**Aim of the exercise:**
Extract the line that contains "A light blue" and every line after it through the end of the records below, exactly as written, leaving out any pictures.

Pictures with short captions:

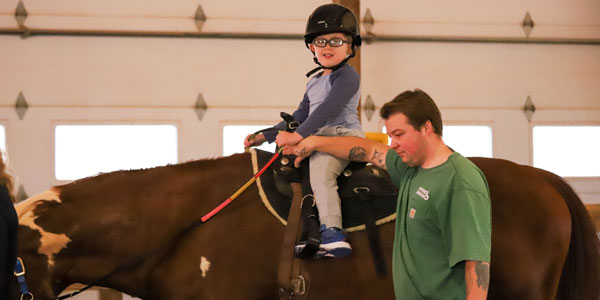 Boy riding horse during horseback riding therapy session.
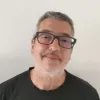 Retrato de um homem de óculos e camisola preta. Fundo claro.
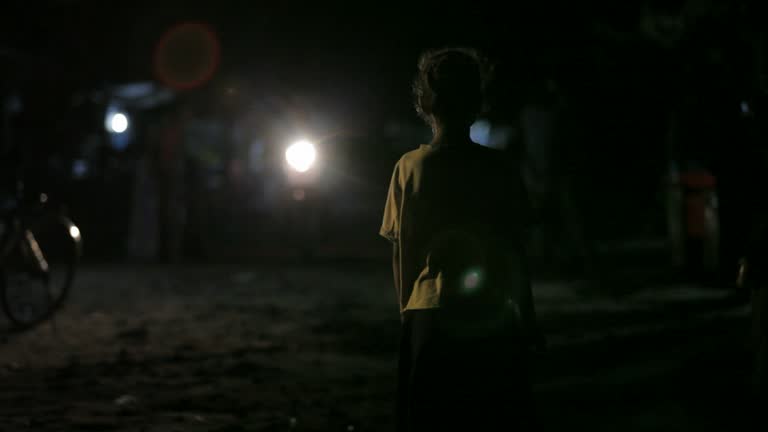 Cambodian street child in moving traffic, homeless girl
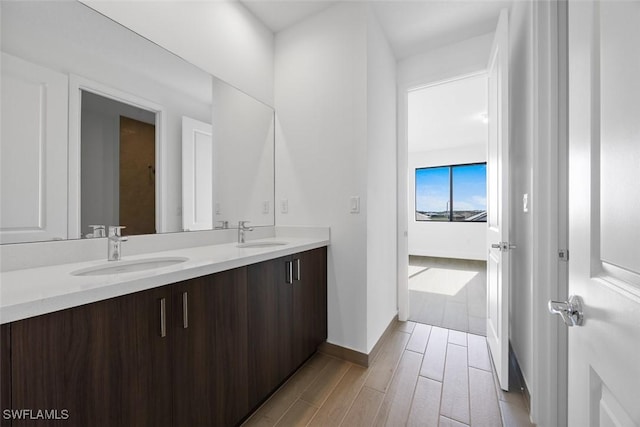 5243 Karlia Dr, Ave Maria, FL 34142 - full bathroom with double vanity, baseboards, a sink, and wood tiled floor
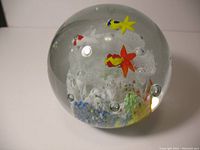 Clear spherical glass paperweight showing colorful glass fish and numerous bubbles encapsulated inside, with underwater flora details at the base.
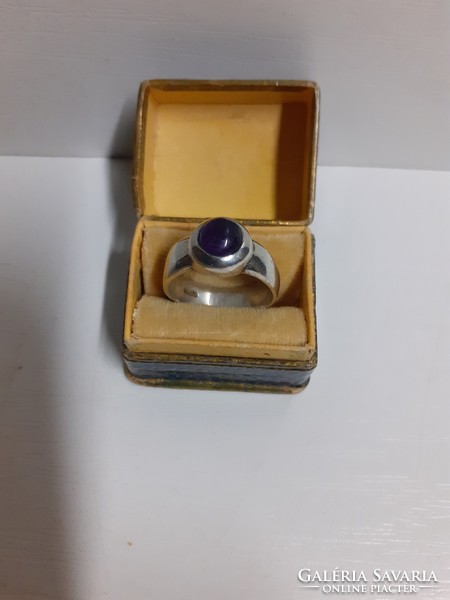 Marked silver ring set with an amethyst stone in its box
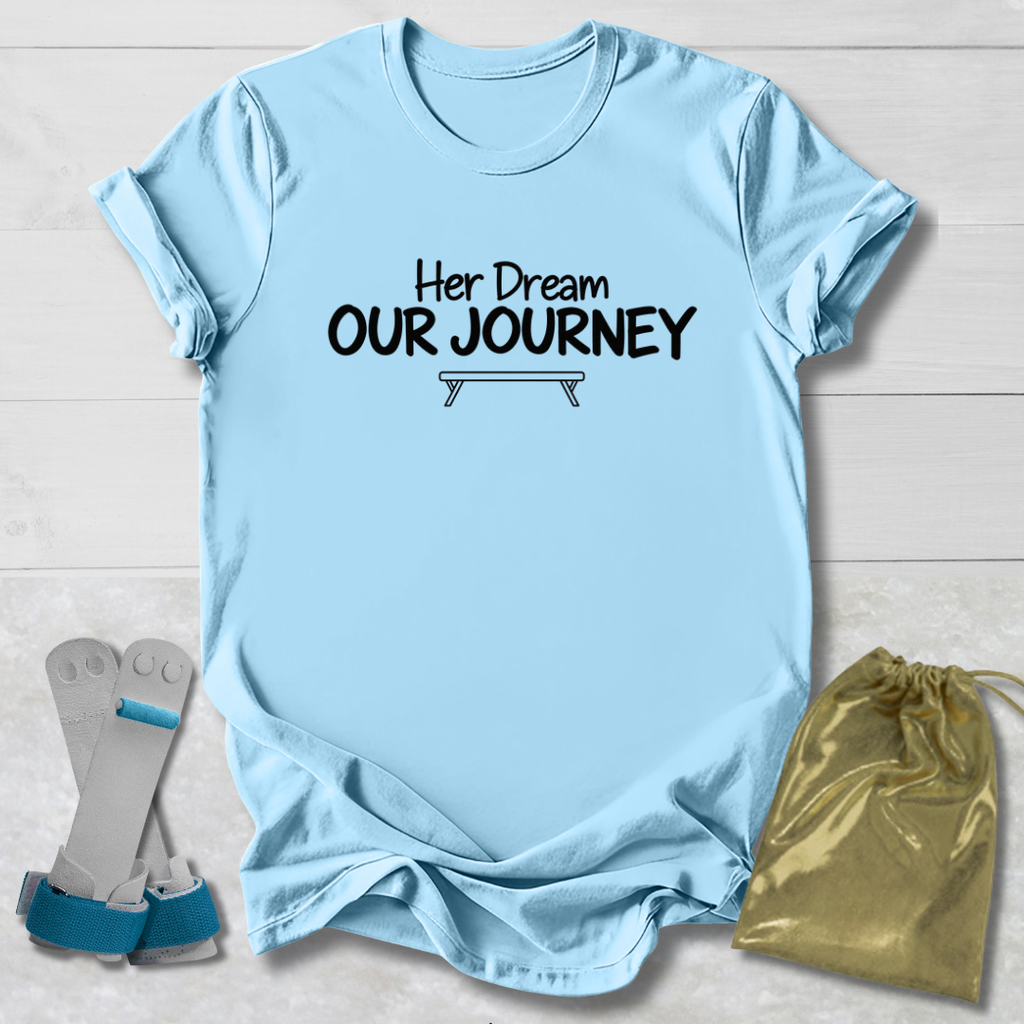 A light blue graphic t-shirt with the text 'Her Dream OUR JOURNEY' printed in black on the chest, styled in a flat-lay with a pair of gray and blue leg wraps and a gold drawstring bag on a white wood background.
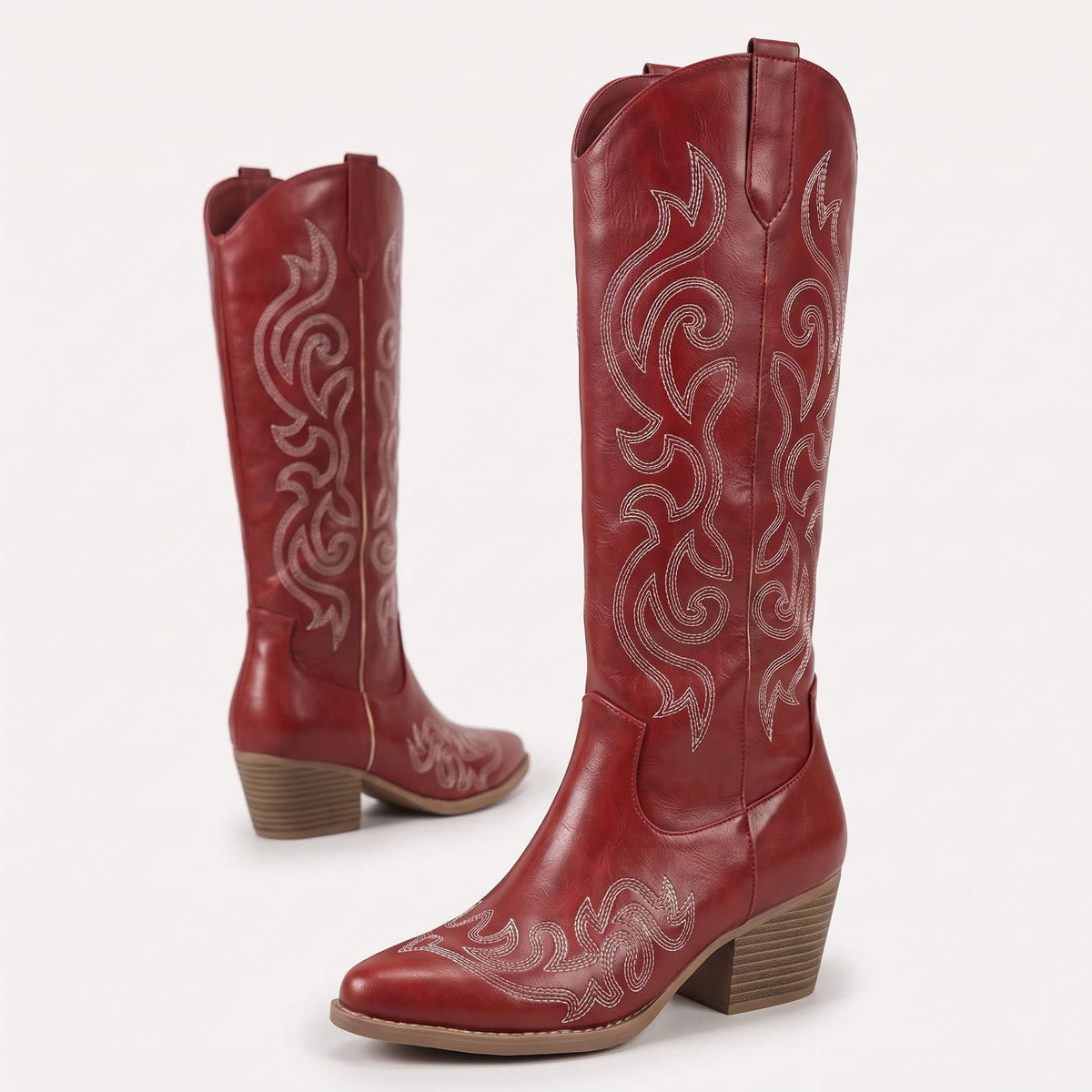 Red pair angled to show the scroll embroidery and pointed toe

**Response for this exercise:**
 A light blue graphic t-shirt with the text 'Her Dream OUR JOURNEY' printed in black on the chest, styled in a flat-lay with a pair of gray and blue leg wraps and a gold drawstring bag on a white wood background.
 Red pair angled to show the scroll embroidery and pointed toe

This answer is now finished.